DRIVEN TO BED TO KEEP WARM. ~ GAS PRESSURE GOES DOWN, LEAVING THE CITY COLD.

December 2, 1908
DRIVEN TO BED TO KEEP WARM.

GAS PRESSURE GOES DOWN,
LEAVING THE CITY COLD.

BLAME IS PLACED ON FIELDS.

"ALL RIGHT IN THE MORNING,"
SAYS THE COMPANY.

Cold Snap Made Plumbers' Fingers
Stiff in the Gas Belt, and They
Couldn't Connect Pipes, Etc.
Gas Lakes Reported Frozen.

During supper hour last evening, and for several hours before and after, the gas supply was poor. There was no other name for it -- poor. In the northeast portion of the city and in the eastern and southern parts there are complaints of almost no gas at all and people had to go to bed to keep warm. The gas lacked both in heat unites and illuminating power, and in most households it was found necessary to turn on the furnaces to their full capacity to get any warmth at all.
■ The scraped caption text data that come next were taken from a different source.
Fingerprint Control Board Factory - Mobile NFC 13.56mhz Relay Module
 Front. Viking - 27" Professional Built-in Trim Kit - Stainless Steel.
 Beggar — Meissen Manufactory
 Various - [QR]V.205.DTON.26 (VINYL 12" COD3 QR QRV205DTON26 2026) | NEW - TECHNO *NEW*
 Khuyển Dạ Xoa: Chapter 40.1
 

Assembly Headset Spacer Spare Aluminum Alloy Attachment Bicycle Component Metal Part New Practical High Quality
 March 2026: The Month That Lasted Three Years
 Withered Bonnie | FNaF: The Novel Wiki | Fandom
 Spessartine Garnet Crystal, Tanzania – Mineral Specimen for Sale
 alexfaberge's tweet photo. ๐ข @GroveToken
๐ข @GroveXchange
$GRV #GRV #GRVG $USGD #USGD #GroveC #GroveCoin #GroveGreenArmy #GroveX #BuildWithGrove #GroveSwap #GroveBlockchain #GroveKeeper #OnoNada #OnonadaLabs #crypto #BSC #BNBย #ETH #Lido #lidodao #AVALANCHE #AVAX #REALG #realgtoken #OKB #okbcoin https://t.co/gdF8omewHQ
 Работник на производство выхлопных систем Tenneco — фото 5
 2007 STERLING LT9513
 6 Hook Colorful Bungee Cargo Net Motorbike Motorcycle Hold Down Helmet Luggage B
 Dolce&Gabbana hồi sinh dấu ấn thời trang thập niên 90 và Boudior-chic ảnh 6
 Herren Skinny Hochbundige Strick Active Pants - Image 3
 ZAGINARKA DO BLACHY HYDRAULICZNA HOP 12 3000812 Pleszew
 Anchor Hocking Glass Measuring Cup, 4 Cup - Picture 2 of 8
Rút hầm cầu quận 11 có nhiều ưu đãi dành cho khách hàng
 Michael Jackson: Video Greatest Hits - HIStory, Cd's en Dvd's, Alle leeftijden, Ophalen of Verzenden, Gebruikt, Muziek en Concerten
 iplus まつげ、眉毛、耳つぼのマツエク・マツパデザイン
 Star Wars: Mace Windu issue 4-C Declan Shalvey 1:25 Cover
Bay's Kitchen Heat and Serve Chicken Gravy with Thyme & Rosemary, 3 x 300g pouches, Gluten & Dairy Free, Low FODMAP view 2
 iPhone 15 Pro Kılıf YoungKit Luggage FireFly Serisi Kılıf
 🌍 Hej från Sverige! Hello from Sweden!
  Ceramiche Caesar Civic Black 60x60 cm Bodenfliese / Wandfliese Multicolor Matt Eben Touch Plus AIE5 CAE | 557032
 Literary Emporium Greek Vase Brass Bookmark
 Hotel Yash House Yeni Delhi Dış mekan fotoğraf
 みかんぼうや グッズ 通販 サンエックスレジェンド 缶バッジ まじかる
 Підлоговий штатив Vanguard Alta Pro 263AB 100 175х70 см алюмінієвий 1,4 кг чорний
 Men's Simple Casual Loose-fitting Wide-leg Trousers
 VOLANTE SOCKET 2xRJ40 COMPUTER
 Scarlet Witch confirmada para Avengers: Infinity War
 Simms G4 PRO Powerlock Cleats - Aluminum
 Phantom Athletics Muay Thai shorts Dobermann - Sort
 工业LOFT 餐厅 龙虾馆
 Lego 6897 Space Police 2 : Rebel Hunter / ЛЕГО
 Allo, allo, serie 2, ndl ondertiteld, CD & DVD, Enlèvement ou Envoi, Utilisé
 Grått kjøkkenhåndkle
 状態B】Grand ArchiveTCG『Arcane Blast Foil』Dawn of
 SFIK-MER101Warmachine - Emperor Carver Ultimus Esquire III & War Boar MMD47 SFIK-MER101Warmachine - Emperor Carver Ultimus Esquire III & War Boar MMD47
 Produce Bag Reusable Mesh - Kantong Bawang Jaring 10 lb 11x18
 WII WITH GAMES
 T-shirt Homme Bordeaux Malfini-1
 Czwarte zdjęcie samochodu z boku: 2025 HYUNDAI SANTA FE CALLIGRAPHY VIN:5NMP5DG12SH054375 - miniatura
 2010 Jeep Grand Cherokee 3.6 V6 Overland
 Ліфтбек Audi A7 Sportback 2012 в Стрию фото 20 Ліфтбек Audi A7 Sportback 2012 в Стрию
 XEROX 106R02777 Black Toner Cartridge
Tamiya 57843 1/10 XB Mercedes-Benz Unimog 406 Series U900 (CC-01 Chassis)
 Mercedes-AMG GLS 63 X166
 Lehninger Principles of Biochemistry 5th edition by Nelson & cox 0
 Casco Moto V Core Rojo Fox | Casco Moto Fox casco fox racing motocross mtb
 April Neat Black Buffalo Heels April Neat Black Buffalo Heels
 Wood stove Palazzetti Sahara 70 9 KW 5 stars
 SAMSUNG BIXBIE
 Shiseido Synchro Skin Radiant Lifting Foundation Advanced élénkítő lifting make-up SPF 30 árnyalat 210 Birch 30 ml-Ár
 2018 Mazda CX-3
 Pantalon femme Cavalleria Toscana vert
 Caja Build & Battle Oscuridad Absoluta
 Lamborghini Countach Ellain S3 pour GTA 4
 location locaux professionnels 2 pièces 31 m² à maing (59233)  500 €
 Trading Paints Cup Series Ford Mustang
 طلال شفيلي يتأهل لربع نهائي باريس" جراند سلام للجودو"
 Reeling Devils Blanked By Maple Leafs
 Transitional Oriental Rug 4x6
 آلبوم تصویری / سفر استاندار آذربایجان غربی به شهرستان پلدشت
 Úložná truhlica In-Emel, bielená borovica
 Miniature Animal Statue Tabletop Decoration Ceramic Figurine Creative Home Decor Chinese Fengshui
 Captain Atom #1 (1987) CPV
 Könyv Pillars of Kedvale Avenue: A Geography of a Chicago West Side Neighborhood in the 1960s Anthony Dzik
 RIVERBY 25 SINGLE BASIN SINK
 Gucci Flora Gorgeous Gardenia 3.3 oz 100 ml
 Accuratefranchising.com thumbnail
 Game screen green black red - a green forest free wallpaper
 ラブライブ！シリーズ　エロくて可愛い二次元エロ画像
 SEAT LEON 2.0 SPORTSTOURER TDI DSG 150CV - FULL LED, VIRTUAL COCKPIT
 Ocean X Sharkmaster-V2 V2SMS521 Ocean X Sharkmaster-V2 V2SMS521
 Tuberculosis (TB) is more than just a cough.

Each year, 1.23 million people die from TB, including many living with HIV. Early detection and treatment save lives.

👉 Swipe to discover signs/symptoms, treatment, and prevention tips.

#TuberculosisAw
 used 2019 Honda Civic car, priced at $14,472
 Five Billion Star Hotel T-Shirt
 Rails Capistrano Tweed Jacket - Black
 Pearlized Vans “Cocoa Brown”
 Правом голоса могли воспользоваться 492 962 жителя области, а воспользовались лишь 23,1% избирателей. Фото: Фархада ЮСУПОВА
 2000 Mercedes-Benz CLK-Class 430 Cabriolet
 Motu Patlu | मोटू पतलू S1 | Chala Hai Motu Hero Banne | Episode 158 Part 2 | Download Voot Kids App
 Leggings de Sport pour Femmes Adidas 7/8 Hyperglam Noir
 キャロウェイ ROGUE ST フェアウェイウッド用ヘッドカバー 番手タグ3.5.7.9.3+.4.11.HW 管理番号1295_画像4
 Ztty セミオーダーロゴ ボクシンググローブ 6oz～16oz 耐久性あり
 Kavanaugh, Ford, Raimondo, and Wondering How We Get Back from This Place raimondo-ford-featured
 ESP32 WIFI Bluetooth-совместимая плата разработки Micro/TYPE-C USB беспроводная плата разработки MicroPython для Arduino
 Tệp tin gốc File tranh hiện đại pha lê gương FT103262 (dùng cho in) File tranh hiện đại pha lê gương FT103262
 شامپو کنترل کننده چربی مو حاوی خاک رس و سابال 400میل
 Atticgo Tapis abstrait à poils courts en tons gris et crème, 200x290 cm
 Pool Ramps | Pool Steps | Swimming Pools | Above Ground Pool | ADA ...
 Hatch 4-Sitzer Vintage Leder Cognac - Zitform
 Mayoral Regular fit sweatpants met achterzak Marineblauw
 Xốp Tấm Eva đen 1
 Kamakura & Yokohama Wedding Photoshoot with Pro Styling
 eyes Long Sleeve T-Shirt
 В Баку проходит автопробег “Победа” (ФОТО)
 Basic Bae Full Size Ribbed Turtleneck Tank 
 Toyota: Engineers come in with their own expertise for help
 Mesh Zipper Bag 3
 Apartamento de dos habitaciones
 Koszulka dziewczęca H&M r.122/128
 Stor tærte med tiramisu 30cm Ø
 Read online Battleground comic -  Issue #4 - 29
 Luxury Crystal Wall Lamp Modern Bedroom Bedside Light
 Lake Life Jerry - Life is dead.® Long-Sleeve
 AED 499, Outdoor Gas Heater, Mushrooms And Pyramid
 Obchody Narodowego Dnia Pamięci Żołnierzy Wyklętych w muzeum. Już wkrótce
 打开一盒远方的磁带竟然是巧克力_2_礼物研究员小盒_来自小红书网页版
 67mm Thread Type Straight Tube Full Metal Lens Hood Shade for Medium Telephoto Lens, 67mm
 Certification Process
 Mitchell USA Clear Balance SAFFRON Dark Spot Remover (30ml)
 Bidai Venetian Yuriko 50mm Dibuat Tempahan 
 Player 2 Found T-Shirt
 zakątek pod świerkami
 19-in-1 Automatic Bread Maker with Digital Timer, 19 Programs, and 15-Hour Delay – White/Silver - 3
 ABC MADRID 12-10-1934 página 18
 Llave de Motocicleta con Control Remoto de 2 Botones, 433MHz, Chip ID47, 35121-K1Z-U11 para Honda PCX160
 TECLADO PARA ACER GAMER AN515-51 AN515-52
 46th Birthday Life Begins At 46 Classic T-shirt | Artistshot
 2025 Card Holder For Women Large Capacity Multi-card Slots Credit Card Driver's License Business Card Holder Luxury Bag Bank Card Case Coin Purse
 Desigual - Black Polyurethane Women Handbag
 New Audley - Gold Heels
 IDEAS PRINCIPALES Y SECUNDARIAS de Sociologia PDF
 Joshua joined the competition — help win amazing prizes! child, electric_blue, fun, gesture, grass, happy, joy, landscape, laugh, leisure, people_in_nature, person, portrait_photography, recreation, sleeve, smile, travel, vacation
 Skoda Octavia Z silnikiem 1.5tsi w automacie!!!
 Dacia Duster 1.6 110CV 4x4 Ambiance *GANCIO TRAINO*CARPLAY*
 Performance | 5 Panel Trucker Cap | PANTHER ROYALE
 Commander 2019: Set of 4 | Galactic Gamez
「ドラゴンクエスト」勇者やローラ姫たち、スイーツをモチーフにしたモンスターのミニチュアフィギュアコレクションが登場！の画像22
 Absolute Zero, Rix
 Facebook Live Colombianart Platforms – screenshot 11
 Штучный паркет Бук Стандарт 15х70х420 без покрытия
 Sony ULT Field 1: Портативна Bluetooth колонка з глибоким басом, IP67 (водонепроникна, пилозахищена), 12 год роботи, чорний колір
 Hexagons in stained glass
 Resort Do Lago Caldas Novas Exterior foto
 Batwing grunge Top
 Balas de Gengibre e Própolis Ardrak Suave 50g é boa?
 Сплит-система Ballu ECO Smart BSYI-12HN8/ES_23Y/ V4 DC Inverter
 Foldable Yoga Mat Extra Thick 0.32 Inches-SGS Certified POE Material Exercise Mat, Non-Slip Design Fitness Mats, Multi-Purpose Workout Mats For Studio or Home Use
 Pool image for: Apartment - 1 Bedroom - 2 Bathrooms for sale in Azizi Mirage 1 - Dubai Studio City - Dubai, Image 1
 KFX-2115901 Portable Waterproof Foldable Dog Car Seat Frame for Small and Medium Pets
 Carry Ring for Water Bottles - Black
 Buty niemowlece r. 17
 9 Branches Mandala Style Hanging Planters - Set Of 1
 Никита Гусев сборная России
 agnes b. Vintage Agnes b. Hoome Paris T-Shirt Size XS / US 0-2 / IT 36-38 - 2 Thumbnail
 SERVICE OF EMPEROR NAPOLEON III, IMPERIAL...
One peculiarity noted by many a sh ivering, anxious basement watcher was that the meters seemed to measure just as much imaginary gas while there was little gas or no gas, as they did on nights when there was enough to warm the rooms and make light sufficient to read a paper.

"We're not getting the gas from the fields, that's the trouble,' was the satisfaction consumers got from the gas company. "The sudden change in the temperature caught them unprepared in the fields, and they have been necessarily slow in connecting up additional wells with the pupmps. This will be all attended to in the morning, and there will be no more trouble this winter."

A FAMILIAR TUNE.

Consumers recalled having heard similar statements last winter when the gas supply failed every time the thermometer registered below the freezing point, and they were not prepared for a like excuse for yesterday's shortage of gas in view of the rosy tales carried home by the city officials who recently visited the fields, the solemn assurances of an abundance of the product there and the extra improvements that had been put in for getting it to consumers in Kansas City.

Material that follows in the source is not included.